We offer Master's and PhD as part of our graduate studies here at the department of AOS. For more details on each program, please click on the tab with the program name in the table below. We have listed the credit requirements for each program. All the courses that may be offered to the students are also listed. However, please note some courses are not offered every year.
For graduate course descriptions and more details on the course restrictions, click here.
Students are also encouraged to meet with the graduate program director or the Administrative & Student Affairs Coordinator in the department to plan their academic program and to make sure they meet all program/ degree requirements for graduation. Contact information for our faculty and staff can be found here.

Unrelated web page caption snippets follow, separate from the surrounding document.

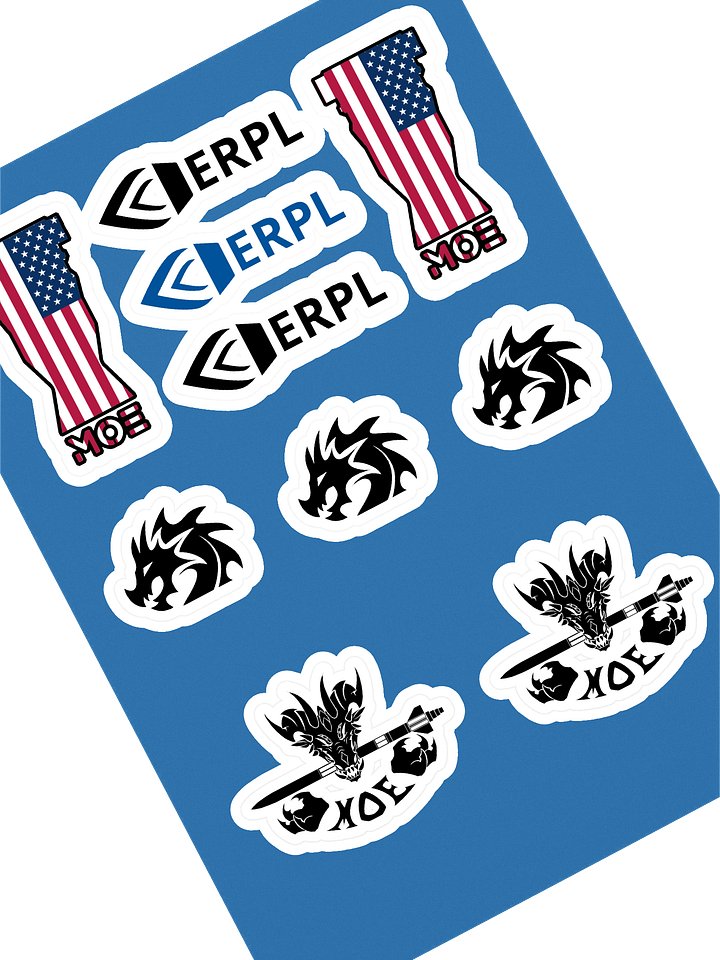 ERPL Sticker Pack product image (1)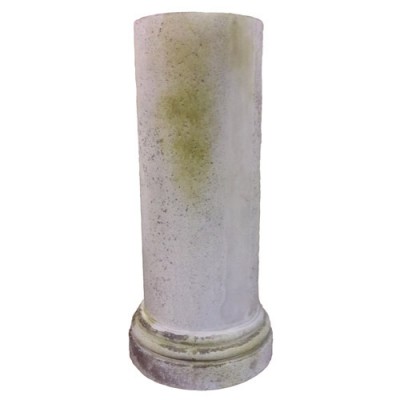 Shaft Riser Stand Pedestal Statue Base - Fiber Stone Resin - Statue - - FS8845 Shaft Riser Stand Pedestal Statue Base - Fiber Stone Resin - Statue - - FS8845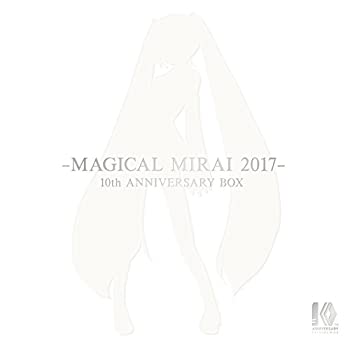 【中古】初音ミク「マジカルミライ 2017」 (初音ミク10周年記念盤Blu-ray)|ムジカ&フェリーチェ店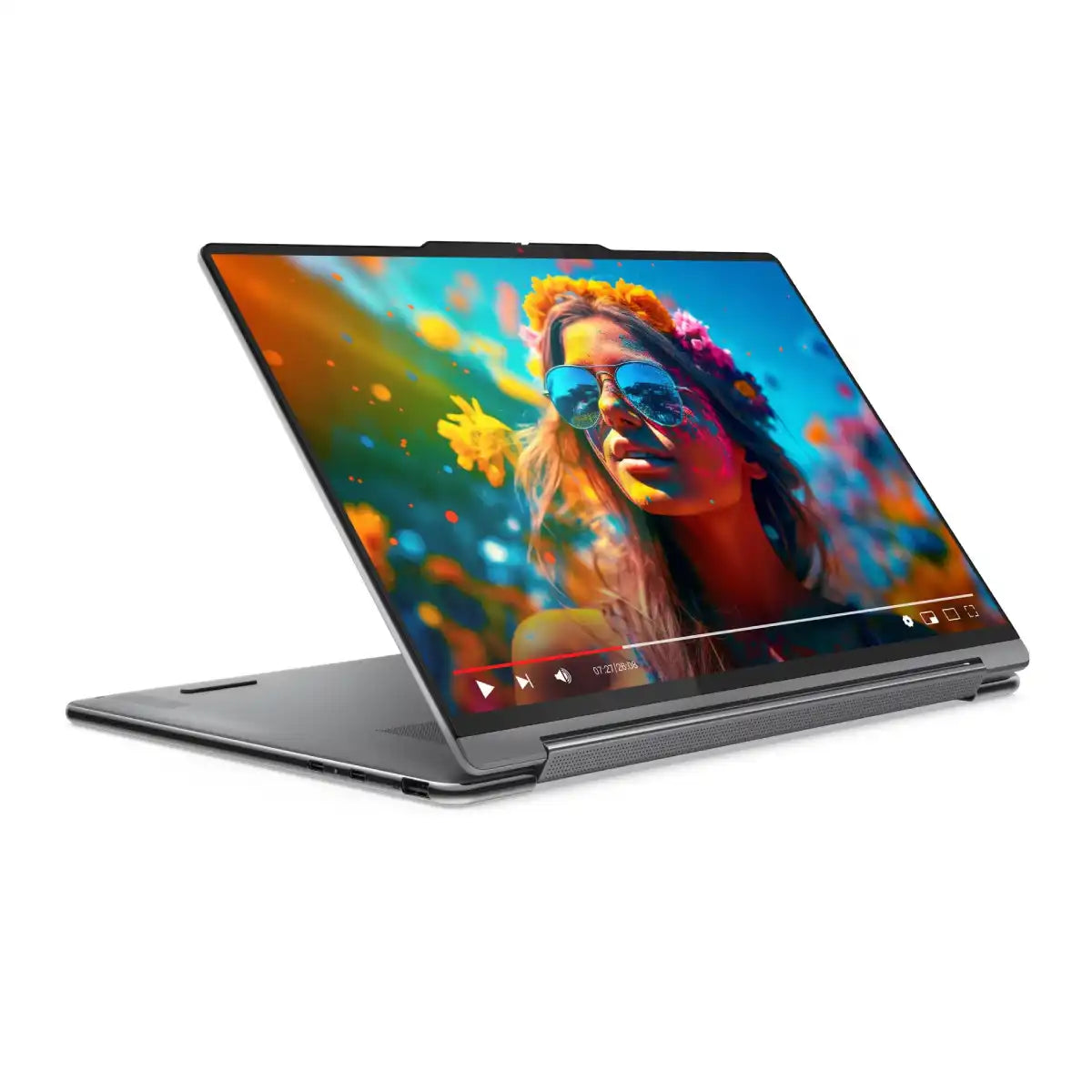 โน๊ตบุ๊ค 2-in-1 Lenovo Yoga 9 14IMH9-83AC000XTA Ultra7 สีเทา (Luna Grey)SpeedCom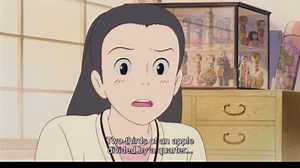 Only Yesterday (1991) Tutoring Math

- The M.Sc. degree requires a minimum of 45 credits, up to a maximum of 51 credits.
- The program includes from 9 to 27 credits of coursework and the remainder are thesis credits (depending on the student's background).
- Master's students with no previous background in atmospheric or oceanic sciences or related fields generally take 21 course credits spread over two semesters (September–December and January–April).
- Students with a suitable background, such as a strong B.Sc. in atmospheric science, or a Diploma in Meteorology, may be given permission by the Graduate Program Director or Department Chair to take fewer course credits (as few as 9 course credits).
M.Sc. Curriculum – (45 credits)
Note: This is the default option chosen by the majority of students entering the program.
Thesis Component (24 credits)
ATOC 691 Master's Thesis Literature Review (3 credits)
ATOC 692 Master's Thesis Research 1(6 credits)
ATOC 694 Master's Thesis Progress Report and Seminar (3 credits)
ATOC 699 Master's Thesis (12 credits)
Must complete or have completed the following courses or equivalent (21 credits):
ATOC 512 Atmospheric and Oceanic Dynamics (3 credits)
ATOC 513 Waves and Stability (3 credits)
ATOC 515 Turbulence in Atmospheric and Oceans (3 credits)
ATOC 519 Advances in Chemistry of Atmospheric (3 credits)
ATOC 521 Cloud Physics (3 credits)
ATOC 525 Atmospheric Radiation (3 credits)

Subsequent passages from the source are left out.